Now I've never been the sort to dance. I never did get the "shake yer booty" disco thang. Pointless and mindless. Nevertheless, many years ago I worked with a guy who was a qualified ballroom dance instructor, and he ran extremely cheap ballroom dancing lessons. Of coourse as soon as Mrs. Pseudo found out about this, she dragged me kicking and screaming to his ballroom dance classes. And though I never wanted to be there, I have to admit that I ultimately ENJOYED the classes. So I learned how to waltz, foxtrot, and tango, and enjoyed it.
Today, I still wouldn't venture onto a dance floor to shake my booty - but I would jump onto a dance floor for a proper waltz.
Which brings me back to my peeve: when did wedding dances cease to be waltzes and other formal steps, and morph into the pseudo-disco moves?

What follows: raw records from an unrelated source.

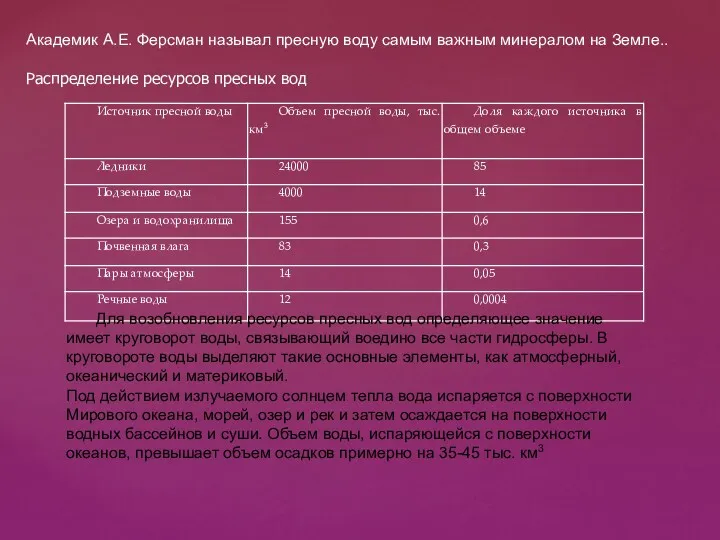 Для возобновления ресурсов пресных вод определяющее значение имеет круговорот воды,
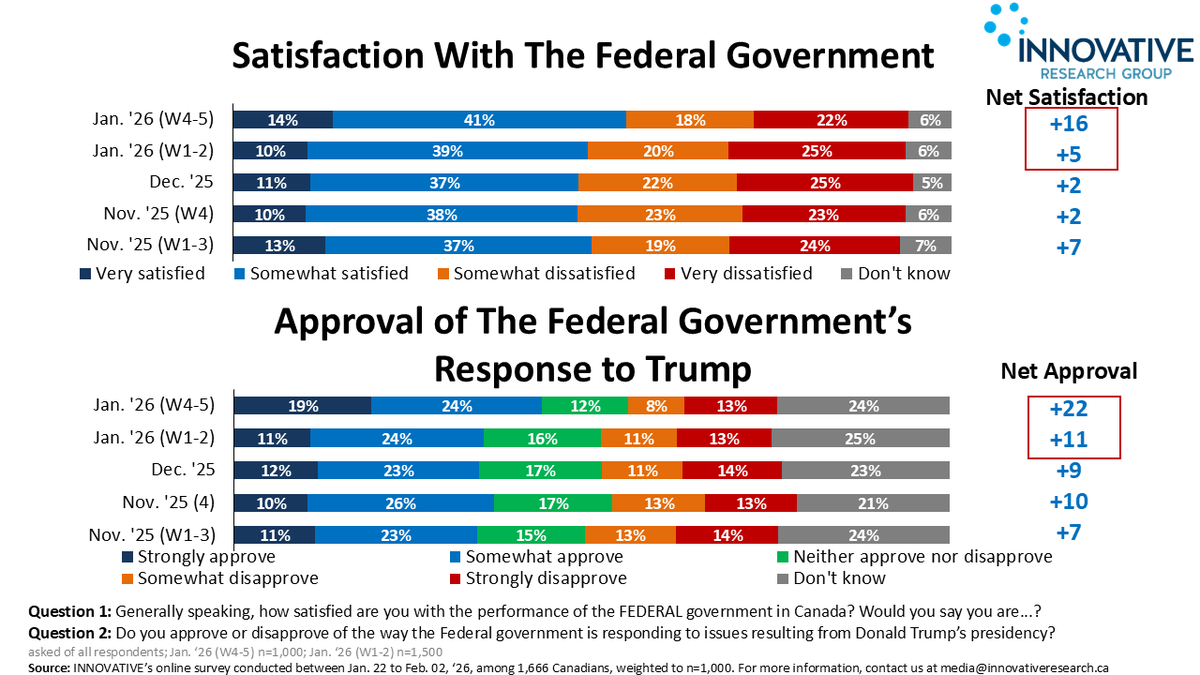 InnovativeRG tweet media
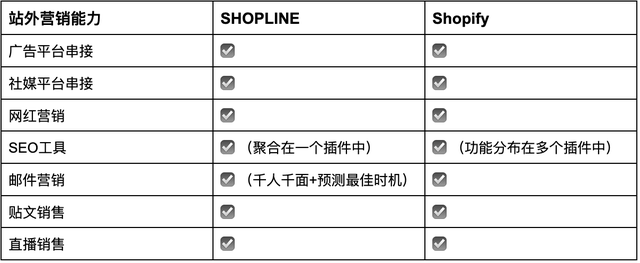 SHOPLINE VS Shopify：主流跨境电商独立站SaaS建站平台对比与选择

Tonight we had disco, we had current popular music, we had the sort of sh!t that the ladies all do group formation dances to (Aretha Franklin, Blues Brothers, Madison, etc) but was there so much as ONE proper waltz?
When did the bridal waltz devolve from a proper three-step dance into a back-and-forth shuffle to an arbitrary slow-beat pop song?
I'd have gone to the DJ and requested a proper waltz tune like Strauss's Blue Danube, but I know from experience that the DJ would simply have stared at me, slack jawed, knowing not what I had asked about. So really why bother. All one can do is slink in the shadows, watching the nouveau-trendy jump back-and-forth in a vague rhythm to some mondo-popular pop tune, thoroughly ignorant of the joys of a proper waltz in the arms of a partner that one holds in esteem.
Forphuxsake, even the common party dances are unheard of: do you think anyone in the room could perform a simple conga line? Hell no: An invitation to grab someone's hips is evidently an invitation to shuffle forward, left right left right to the vague beat of some current pop song. Little wonder that a simple foxtrot is beyond these heathens.
And so here I am, back at home, reclining in bed with the laptop on and typing my thoughts, Parts of Tchaikovsky's Nutcracker running through my head, and lamenting the fact that no bugger knows how to enjoy it properly anymore.
And yeah, I've drunk way too much and I'm rambling. Sod you all and goodnight.